Once the profile is collected, it is analyzed to determine the efficiency of speculative threads. The interaction between the main and the speculative threads often complicates the evaluate process. For instance, data brought in by the speculative threads can be used by the main thread but can also displace useful data needed by the main thread. Therefore, we need a robust methodology. The evaluation results are stored in a hardware-based table that is kept in sync with all processor cores.
1.3.3. Thread Adjustment. Once the effectiveness of speculative threads is determined, the dispatching system can decide where to create speculative threads to maximize application performance. We will experiment the design space by creating various dispatching policies and compare their effectiveness in optimizing application performance.
Contributions
This article explores the feasibility and effectiveness of a runtime system that dynamically adjust the behavior of speculative threads based on their performance impact. Under the context of dynamic performance optimization for TLS, this article makes the following contributions:
-We propose an execution framework that allows the runtime system to evaluate speculative thread execution and dynamically adjust their runtime behaviors. -We propose and evaluate dynamic performance evaluation methodologies that analyze execution cycle breakdown of speculative threads to determine their efficiency. We also discuss how hardware counters could be programmed to collect such cycle breakdown. -We propose, implement and evaluate various dynamic performance dispatching policies that determine the priority in which the runtime system evaluates speculative threads for parallel execution. By evaluating these policies, we identify important runtime information and compiler annotations that are key to optimizing speculative threads.
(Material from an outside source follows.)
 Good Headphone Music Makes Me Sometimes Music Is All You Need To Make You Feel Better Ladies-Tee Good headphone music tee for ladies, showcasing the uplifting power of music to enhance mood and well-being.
The rest of this article is organized as follows: we first describe the compiler and simulation infrastructure in Section 2, and then discuss how to determine the performance impact for speculative threads in Section 3. Section 4 describes the necessary runtime support that facilitates performance profile collection and decision making. Dynamic thread dispatching policies are proposed in Section 5 and their performance evaluated in Section 6. Related work is discussed in Section 7. Finally we present our conclusions and future work in Section 8.
EXPERIMENT INFRASTRUCTURE
We have evaluated all benchmark programs written in C from SPEC CPU2000 suite. The execution of these benchmarks is simulated using ref input sets on a detailed cycle-accurate architectural simulator configured as a four core chip-multiprocessor. Due to their distinct differences, we treated the PLACE and ROUTE input sets of VPR as two benchmarks, referred as VPR-P and VPR-R in later sections.
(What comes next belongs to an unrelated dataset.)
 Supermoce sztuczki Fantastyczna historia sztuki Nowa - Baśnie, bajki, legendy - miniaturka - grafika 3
Architectural Support for Speculation
Speculative threads are supported on a Chip-Multiprocessor (CMP) with the STAMPede extension [Steffan et al. 2000 [Steffan et al. , 2005 . All processing cores have private first-level caches that are connected through a bus to the shared second-level cache. The STAMPede protocol extends the cache coherence protocol with two new states, speculatively shared (SpS) and speculatively exclusive (SpE), and transitions to and from these states. All the speculative threads are assigned with a unique ID that determines the logical order in which the threads commit. The thread ID of the sender piggybacks on all invalidation messages.
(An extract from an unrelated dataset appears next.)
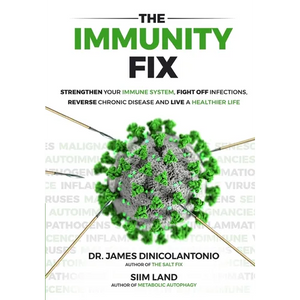 The Immunity Fix: Strengthen Your Immune System, Fight Off Infections, Reverse Chronic Disease and Live a Healthier Life - Paperback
If a cache line is speculatively loaded, it enters the SpS or SpE state, and becomes susceptible to dependence violations. If an invalidation message arrives from a logically earlier thread for that cache line, speculation fails; and the thread is squashed. To recover a speculation failure, all cache lines in the SpE state are invalidated and all SpS lines transit into the shared state; the thread is then reexecuted from the beginning. When a thread is spawned to a busy core that is executing an earlier thread, the new thread is suspended and will be resumed when the earlier thread commits. The compiler estimates the parallel performance of each loop based on the cost of synchronization and the probability and cost of speculation failure, using loop nesting profile, edge frequency profile, and data dependence frequency profile. The compiler then chooses to parallelize a set of loops that maximize the overall program performance based on such estimations [Wang et al. 2005] .
Compilation
To dynamically optimize where speculative threads should be spawned, we simply force the compiler to create a different executable in which every loop is parallelized. All binary codes are compiled with -O3 optimization level. In addition, TLS-specific optimizations, such as interthread register and memory resident value communication, and reduction operations, are applied by the compiler to those parallelized loops [Zhai et al. 2002; 2004; Wang 2007 ].
Simulation Infrastructure
We build our simulation infrastructure based on a trace-driven, out-of-order superscalar processor simulator. The trace-generation portion is based on the PIN instrumentation tool [Luk et al. 2005] , and the architectural simulation portion is built on SimpleScalar [SimpleScalar LLC 2004] .
The trace generator instruments all instructions to extract information such as instruction address, registers used, memory address for memory instructions, opcode, and etc. The entire trace of the instruction stream is output to disk files.
The simulator reads the trace file and translates the Itanium code bundles generated by the compiler into Alpha-like codes. The simulated pipeline model is based on SimpleScalar [SimpleScalar LLC 2004] . In addition to modeling register renaming, reorder buffer, branch prediction, instruction fetching, branching penalties, and memory hierarchy performance, we also extend the infrastructure to account for different aspects of speculative thread execution, including explicit synchronization through signal/wait, cost of thread commit/squash, and etc. Table I shows the architecture parameters of the TLS-enabled Chip Multiprocessor (CMP). Private L1 caches, each belonging to one core, are connected with a shared unified L2 cache through a bus.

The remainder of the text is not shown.